▶ [PROBLEM DESCRIPTION]:
Set down all of the records exactly.

Short descriptive text snippets:
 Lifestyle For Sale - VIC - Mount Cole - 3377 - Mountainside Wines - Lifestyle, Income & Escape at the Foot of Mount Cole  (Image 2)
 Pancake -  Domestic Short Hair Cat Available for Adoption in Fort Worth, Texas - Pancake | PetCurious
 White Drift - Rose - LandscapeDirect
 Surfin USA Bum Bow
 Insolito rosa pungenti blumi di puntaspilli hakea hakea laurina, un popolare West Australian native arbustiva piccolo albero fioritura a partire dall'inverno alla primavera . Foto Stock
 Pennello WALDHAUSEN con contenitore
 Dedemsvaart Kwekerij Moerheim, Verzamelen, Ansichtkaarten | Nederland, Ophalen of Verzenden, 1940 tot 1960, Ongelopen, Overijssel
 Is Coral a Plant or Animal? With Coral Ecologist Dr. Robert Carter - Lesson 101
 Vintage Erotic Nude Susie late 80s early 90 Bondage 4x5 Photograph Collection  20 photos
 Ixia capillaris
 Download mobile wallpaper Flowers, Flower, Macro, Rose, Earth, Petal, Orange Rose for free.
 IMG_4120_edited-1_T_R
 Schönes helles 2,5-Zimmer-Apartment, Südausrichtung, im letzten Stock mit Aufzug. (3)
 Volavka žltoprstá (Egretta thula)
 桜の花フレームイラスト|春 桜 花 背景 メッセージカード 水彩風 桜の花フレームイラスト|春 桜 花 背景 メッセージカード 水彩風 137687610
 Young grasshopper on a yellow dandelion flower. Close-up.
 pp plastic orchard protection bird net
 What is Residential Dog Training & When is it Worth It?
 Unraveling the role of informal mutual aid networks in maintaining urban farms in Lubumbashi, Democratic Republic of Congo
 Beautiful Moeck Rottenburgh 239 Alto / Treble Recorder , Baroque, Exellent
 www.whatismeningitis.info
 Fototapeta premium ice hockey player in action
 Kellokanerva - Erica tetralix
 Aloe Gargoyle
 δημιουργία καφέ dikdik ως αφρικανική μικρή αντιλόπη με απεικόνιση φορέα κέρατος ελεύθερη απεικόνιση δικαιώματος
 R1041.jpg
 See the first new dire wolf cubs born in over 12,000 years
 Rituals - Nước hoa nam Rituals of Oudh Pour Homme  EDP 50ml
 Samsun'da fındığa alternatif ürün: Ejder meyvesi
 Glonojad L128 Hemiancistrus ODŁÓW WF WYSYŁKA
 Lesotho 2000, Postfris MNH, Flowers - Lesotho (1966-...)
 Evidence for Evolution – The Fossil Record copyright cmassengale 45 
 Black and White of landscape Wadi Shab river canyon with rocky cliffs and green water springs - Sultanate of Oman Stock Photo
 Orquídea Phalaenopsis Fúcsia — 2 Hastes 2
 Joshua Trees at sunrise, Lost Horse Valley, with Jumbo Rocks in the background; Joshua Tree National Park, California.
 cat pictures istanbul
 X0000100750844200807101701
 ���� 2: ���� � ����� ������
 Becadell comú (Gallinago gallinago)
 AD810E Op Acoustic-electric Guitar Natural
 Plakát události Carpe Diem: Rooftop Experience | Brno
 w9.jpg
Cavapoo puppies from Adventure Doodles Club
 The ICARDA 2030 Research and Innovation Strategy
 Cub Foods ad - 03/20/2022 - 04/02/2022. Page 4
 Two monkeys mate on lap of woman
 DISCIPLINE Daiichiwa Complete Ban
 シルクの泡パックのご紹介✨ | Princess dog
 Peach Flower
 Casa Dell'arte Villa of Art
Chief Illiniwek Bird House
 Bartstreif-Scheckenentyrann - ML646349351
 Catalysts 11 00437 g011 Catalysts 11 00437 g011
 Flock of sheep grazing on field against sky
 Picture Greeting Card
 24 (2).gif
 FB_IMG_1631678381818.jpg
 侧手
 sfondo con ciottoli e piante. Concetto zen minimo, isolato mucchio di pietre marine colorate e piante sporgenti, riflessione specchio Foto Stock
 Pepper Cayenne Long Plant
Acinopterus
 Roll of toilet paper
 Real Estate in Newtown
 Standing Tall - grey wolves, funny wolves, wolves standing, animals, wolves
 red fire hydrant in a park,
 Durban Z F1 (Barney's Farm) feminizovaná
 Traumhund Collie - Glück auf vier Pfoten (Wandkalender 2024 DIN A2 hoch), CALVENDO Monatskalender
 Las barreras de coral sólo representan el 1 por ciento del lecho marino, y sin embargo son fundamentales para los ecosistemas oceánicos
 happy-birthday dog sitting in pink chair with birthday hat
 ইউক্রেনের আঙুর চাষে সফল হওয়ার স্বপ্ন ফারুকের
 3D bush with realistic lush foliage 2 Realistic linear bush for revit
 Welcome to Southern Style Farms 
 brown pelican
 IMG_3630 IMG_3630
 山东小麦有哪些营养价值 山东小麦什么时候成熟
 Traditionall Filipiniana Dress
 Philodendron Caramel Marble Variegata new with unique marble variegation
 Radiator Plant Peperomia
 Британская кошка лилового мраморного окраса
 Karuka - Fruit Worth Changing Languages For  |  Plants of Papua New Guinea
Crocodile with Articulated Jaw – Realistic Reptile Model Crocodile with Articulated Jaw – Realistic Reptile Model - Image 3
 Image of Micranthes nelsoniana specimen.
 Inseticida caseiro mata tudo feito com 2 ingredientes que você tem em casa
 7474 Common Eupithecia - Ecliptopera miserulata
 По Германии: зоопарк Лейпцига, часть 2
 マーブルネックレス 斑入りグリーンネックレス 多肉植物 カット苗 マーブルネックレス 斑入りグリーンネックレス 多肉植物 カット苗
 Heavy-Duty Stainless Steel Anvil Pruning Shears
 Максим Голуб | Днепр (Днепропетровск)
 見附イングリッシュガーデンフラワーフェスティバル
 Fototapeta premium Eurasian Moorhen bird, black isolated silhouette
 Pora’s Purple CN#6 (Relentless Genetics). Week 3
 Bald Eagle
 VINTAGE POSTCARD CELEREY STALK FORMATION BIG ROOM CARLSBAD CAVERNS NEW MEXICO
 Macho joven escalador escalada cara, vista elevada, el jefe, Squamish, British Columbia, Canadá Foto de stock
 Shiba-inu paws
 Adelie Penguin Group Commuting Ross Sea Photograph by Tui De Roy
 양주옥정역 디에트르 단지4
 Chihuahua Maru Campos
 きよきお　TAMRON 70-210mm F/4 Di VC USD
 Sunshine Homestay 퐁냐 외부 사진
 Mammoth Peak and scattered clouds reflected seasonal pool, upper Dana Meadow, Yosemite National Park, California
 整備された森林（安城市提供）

▶ [EXERCISE ANSWER]:
 Lifestyle For Sale - VIC - Mount Cole - 3377 - Mountainside Wines - Lifestyle, Income & Escape at the Foot of Mount Cole  (Image 2)
 Pancake -  Domestic Short Hair Cat Available for Adoption in Fort Worth, Texas - Pancake | PetCurious
 White Drift - Rose - LandscapeDirect
 Surfin USA Bum Bow
 Insolito rosa pungenti blumi di puntaspilli hakea hakea laurina, un popolare West Australian native arbustiva piccolo albero fioritura a partire dall'inverno alla primavera . Foto Stock
 Pennello WALDHAUSEN con contenitore
 Dedemsvaart Kwekerij Moerheim, Verzamelen, Ansichtkaarten | Nederland, Ophalen of Verzenden, 1940 tot 1960, Ongelopen, Overijssel
 Is Coral a Plant or Animal? With Coral Ecologist Dr. Robert Carter - Lesson 101
 Vintage Erotic Nude Susie late 80s early 90 Bondage 4x5 Photograph Collection  20 photos
 Ixia capillaris
 Download mobile wallpaper Flowers, Flower, Macro, Rose, Earth, Petal, Orange Rose for free.
 IMG_4120_edited-1_T_R
 Schönes helles 2,5-Zimmer-Apartment, Südausrichtung, im letzten Stock mit Aufzug. (3)
 Volavka žltoprstá (Egretta thula)
 桜の花フレームイラスト|春 桜 花 背景 メッセージカード 水彩風 桜の花フレームイラスト|春 桜 花 背景 メッセージカード 水彩風 137687610
 Young grasshopper on a yellow dandelion flower. Close-up.
 pp plastic orchard protection bird net
 What is Residential Dog Training & When is it Worth It?
 Unraveling the role of informal mutual aid networks in maintaining urban farms in Lubumbashi, Democratic Republic of Congo
 Beautiful Moeck Rottenburgh 239 Alto / Treble Recorder , Baroque, Exellent
 www.whatismeningitis.info
 Fototapeta premium ice hockey player in action
 Kellokanerva - Erica tetralix
 Aloe Gargoyle
 δημιουργία καφέ dikdik ως αφρικανική μικρή αντιλόπη με απεικόνιση φορέα κέρατος ελεύθερη απεικόνιση δικαιώματος
 R1041.jpg
 See the first new dire wolf cubs born in over 12,000 years
 Rituals - Nước hoa nam Rituals of Oudh Pour Homme  EDP 50ml
 Samsun'da fındığa alternatif ürün: Ejder meyvesi
 Glonojad L128 Hemiancistrus ODŁÓW WF WYSYŁKA
 Lesotho 2000, Postfris MNH, Flowers - Lesotho (1966-...)
 Evidence for Evolution – The Fossil Record copyright cmassengale 45 
 Black and White of landscape Wadi Shab river canyon with rocky cliffs and green water springs - Sultanate of Oman Stock Photo
 Orquídea Phalaenopsis Fúcsia — 2 Hastes 2
 Joshua Trees at sunrise, Lost Horse Valley, with Jumbo Rocks in the background; Joshua Tree National Park, California.
 cat pictures istanbul
 X0000100750844200807101701
 ���� 2: ���� � ����� ������
 Becadell comú (Gallinago gallinago)
 AD810E Op Acoustic-electric Guitar Natural
 Plakát události Carpe Diem: Rooftop Experience | Brno
 w9.jpg
Cavapoo puppies from Adventure Doodles Club
 The ICARDA 2030 Research and Innovation Strategy
 Cub Foods ad - 03/20/2022 - 04/02/2022. Page 4
 Two monkeys mate on lap of woman
 DISCIPLINE Daiichiwa Complete Ban
 シルクの泡パックのご紹介✨ | Princess dog
 Peach Flower
 Casa Dell'arte Villa of Art
Chief Illiniwek Bird House
 Bartstreif-Scheckenentyrann - ML646349351
 Catalysts 11 00437 g011 Catalysts 11 00437 g011
 Flock of sheep grazing on field against sky
 Picture Greeting Card
 24 (2).gif
 FB_IMG_1631678381818.jpg
 侧手
 sfondo con ciottoli e piante. Concetto zen minimo, isolato mucchio di pietre marine colorate e piante sporgenti, riflessione specchio Foto Stock
 Pepper Cayenne Long Plant
Acinopterus
 Roll of toilet paper
 Real Estate in Newtown
 Standing Tall - grey wolves, funny wolves, wolves standing, animals, wolves
 red fire hydrant in a park,
 Durban Z F1 (Barney's Farm) feminizovaná
 Traumhund Collie - Glück auf vier Pfoten (Wandkalender 2024 DIN A2 hoch), CALVENDO Monatskalender
 Las barreras de coral sólo representan el 1 por ciento del lecho marino, y sin embargo son fundamentales para los ecosistemas oceánicos
 happy-birthday dog sitting in pink chair with birthday hat
 ইউক্রেনের আঙুর চাষে সফল হওয়ার স্বপ্ন ফারুকের
 3D bush with realistic lush foliage 2 Realistic linear bush for revit
 Welcome to Southern Style Farms 
 brown pelican
 IMG_3630 IMG_3630
 山东小麦有哪些营养价值 山东小麦什么时候成熟
 Traditionall Filipiniana Dress
 Philodendron Caramel Marble Variegata new with unique marble variegation
 Radiator Plant Peperomia
 Британская кошка лилового мраморного окраса
 Karuka - Fruit Worth Changing Languages For  |  Plants of Papua New Guinea
Crocodile with Articulated Jaw – Realistic Reptile Model Crocodile with Articulated Jaw – Realistic Reptile Model - Image 3
 Image of Micranthes nelsoniana specimen.
 Inseticida caseiro mata tudo feito com 2 ingredientes que você tem em casa
 7474 Common Eupithecia - Ecliptopera miserulata
 По Германии: зоопарк Лейпцига, часть 2
 マーブルネックレス 斑入りグリーンネックレス 多肉植物 カット苗 マーブルネックレス 斑入りグリーンネックレス 多肉植物 カット苗
 Heavy-Duty Stainless Steel Anvil Pruning Shears
 Максим Голуб | Днепр (Днепропетровск)
 見附イングリッシュガーデンフラワーフェスティバル
 Fototapeta premium Eurasian Moorhen bird, black isolated silhouette
 Pora’s Purple CN#6 (Relentless Genetics). Week 3
 Bald Eagle
 VINTAGE POSTCARD CELEREY STALK FORMATION BIG ROOM CARLSBAD CAVERNS NEW MEXICO
 Macho joven escalador escalada cara, vista elevada, el jefe, Squamish, British Columbia, Canadá Foto de stock
 Shiba-inu paws
 Adelie Penguin Group Commuting Ross Sea Photograph by Tui De Roy
 양주옥정역 디에트르 단지4
 Chihuahua Maru Campos
 きよきお　TAMRON 70-210mm F/4 Di VC USD
 Sunshine Homestay 퐁냐 외부 사진
 Mammoth Peak and scattered clouds reflected seasonal pool, upper Dana Meadow, Yosemite National Park, California
 整備された森林（安城市提供）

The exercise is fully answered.